[Dataset extract]

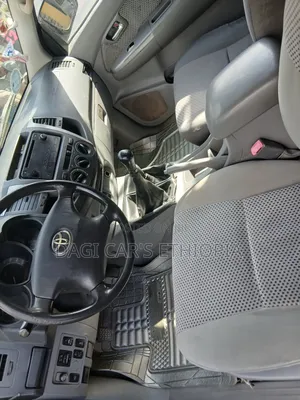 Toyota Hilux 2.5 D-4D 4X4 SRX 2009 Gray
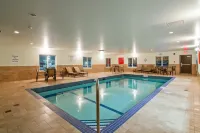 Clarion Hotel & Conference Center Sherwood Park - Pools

[/Dataset extract]
[Dataset extract]

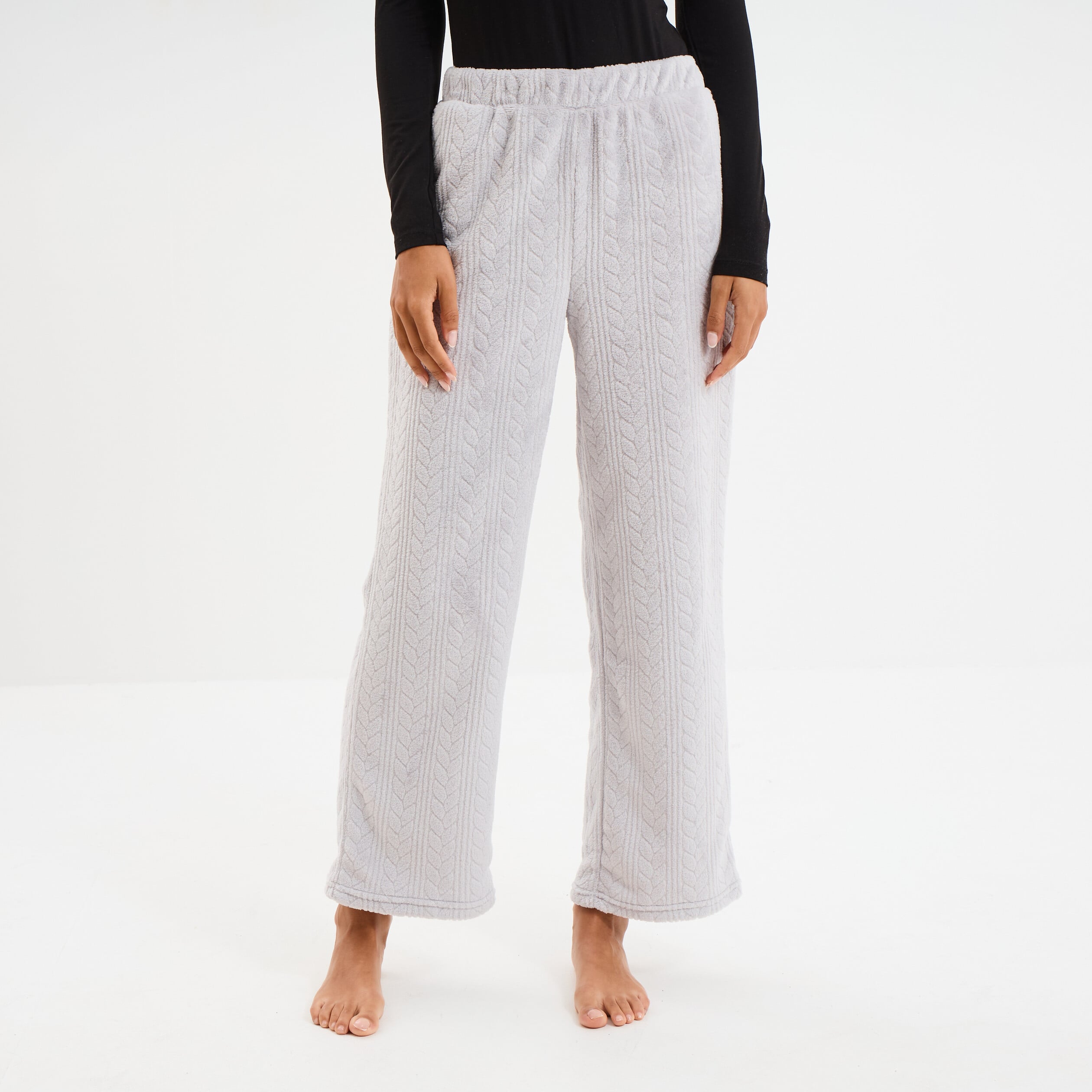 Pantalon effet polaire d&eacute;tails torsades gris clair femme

[/Dataset extract]

Try it:
Pictures are to be left out. Write out only the lines above starting at the one with "Toyota Hilux 2.5 D-4D 4X4 SRX 2009 Gray" and ending at the one with "Clarion Hotel &", both lines included, exactly.

Exercise solution:
 Toyota Hilux 2.5 D-4D 4X4 SRX 2009 Gray
 Clarion Hotel & Conference Center Sherwood Park - Pools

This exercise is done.